Wendy's shares have experienced a significant surge, gaining 25% on Wednesday and an additional 9% on Thursday, marking the latest instance of a short squeeze in the market. Retail traders have flocked to the burger chain's stock, with Vanda Research reporting that Wednesday was the second-largest day of retail net-buying for Wendy's since 2012, trailing only behind Nvidia and SpaceX. The stock's recent performance is driven by a nostalgia-heavy brand and high short interest, which currently stands at approximately 32% of its float. This scenario mirrors the conditions that previously propelled stocks like GameStop and AMC Entertainment to extraordinary heights.
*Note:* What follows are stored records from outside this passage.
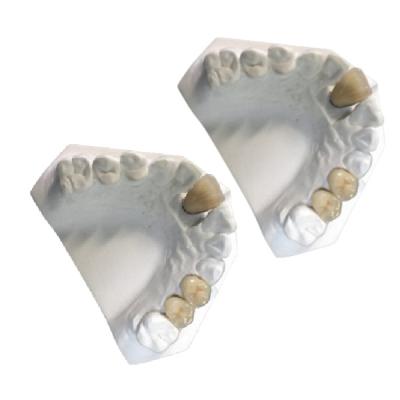 Chine Couronne dentaire de couronne de porcelaine de laboratoire de porcelaine dentaire d'or jaune à vendre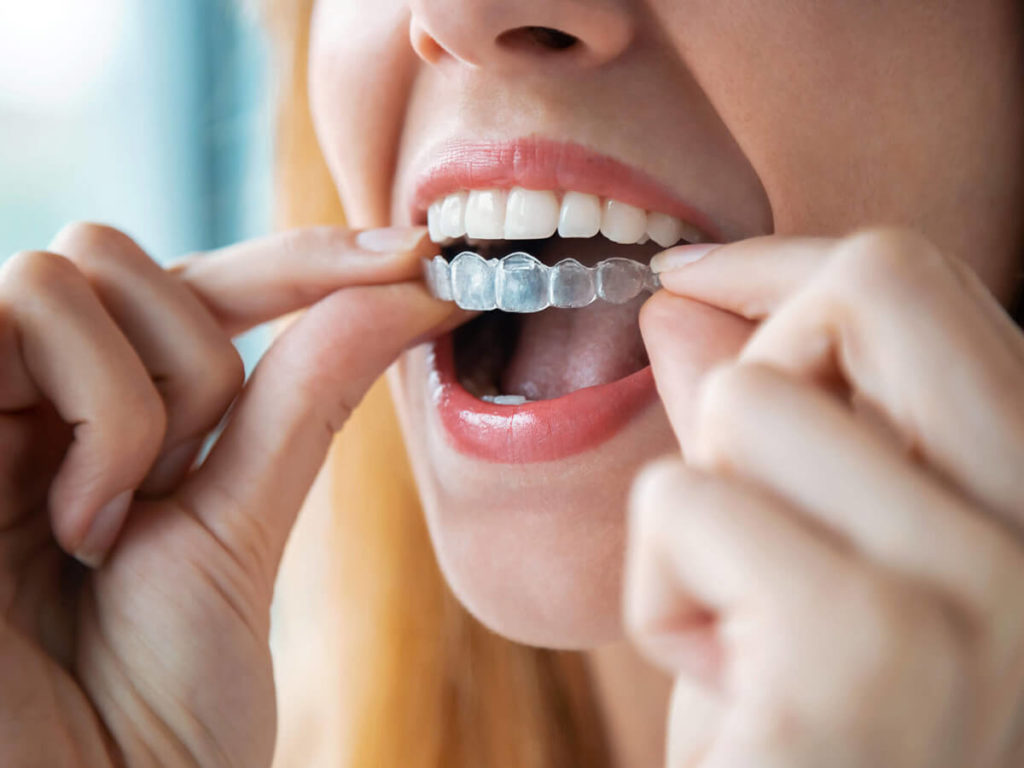 women inserting invisalign clear aligner to top row teeth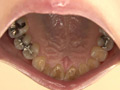 [fetishjapan-0915] 歯フェチ！本物の歯治療映像 小百合 前沢小百合のキャプチャ画像 2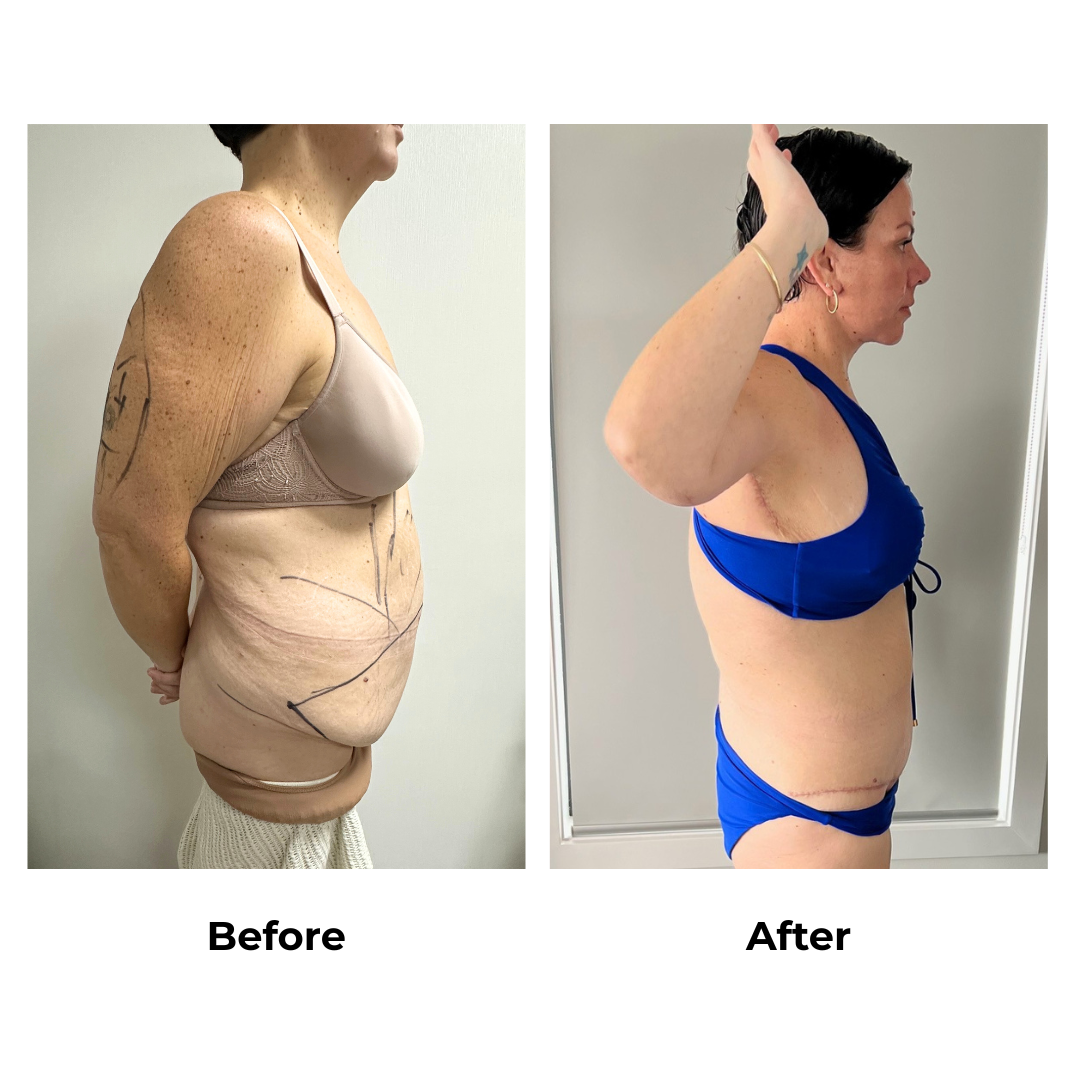 Rachel had ExTT + AL + ML + Lipo x3 with Dr. Weerachai (2)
As Wendy's stock continues to climb, analysts are speculating on which stocks could be the next targets for retail traders. JPMorgan analyst Arun Jain has identified three potential candidates: Smartbird, Campbell's Company, and Oddity Tech. Smartbird, which has pivoted from a footwear retailer to an AI infrastructure company, has seen a 20% short interest and a year-to-date increase of 5%. Campbell's Company, down 20% year-to-date, has a short interest of 25%, while Oddity Tech has plummeted 67% this year with a 24% short interest.
The current enthusiasm for Wendy's highlights a broader trend of retail investor engagement in the stock market, particularly in companies with high short interest. This behavior can lead to rapid price increases as traders rush to capitalize on potential gains, creating a cycle that can be both volatile and unpredictable.
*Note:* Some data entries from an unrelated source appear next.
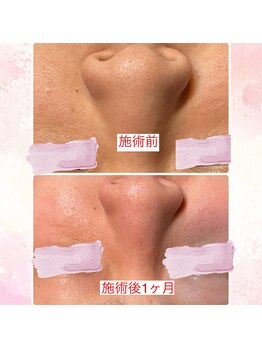 ノノ(nono)/いちご鼻も改善！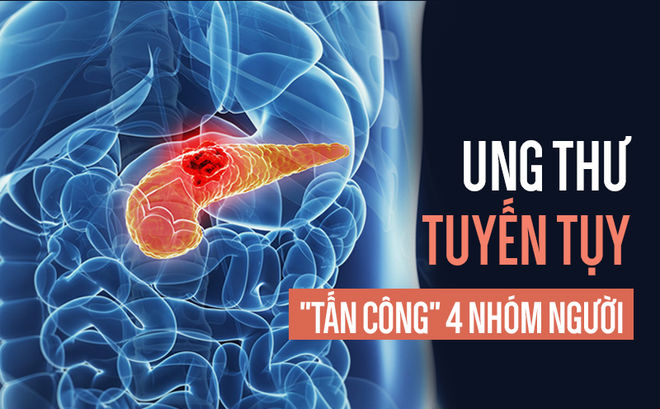 Ung thư tụy rất nguy hiểm vì khó chữa, ai có 4 đặc điểm này hãy đặc biệt cẩn thận Ung thư tụy rất nguy hiểm vì khó chữa, ai có 4 đặc điểm này hãy đặc biệt cẩn thận
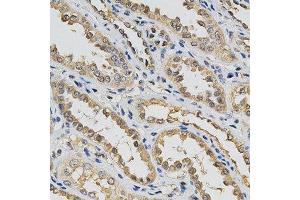 Immunohistochemistry of paraffin-embedded human kidney using EIF4E antibody at dilution of 1:200 (x400 lens) (EIF4E antibody  (AA 1-100))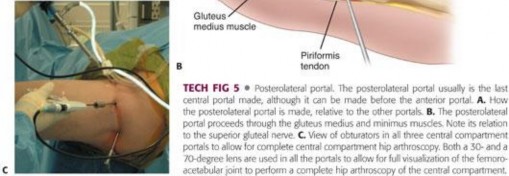 Illustration 216 for Understanding Hip Arthroscopy: The Basics Explained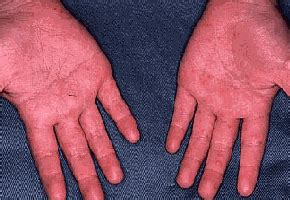 手足口病の症状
The surge in Wendy's stock may prompt increased activity in both equity markets and specific sectors, particularly among consumer brands with high short interest. Investors may also look to hedge against potential volatility in the broader market, especially in the face of declining cryptocurrency values.
Investors will monitor the performance of these identified stocks closely as the market dynamics evolve.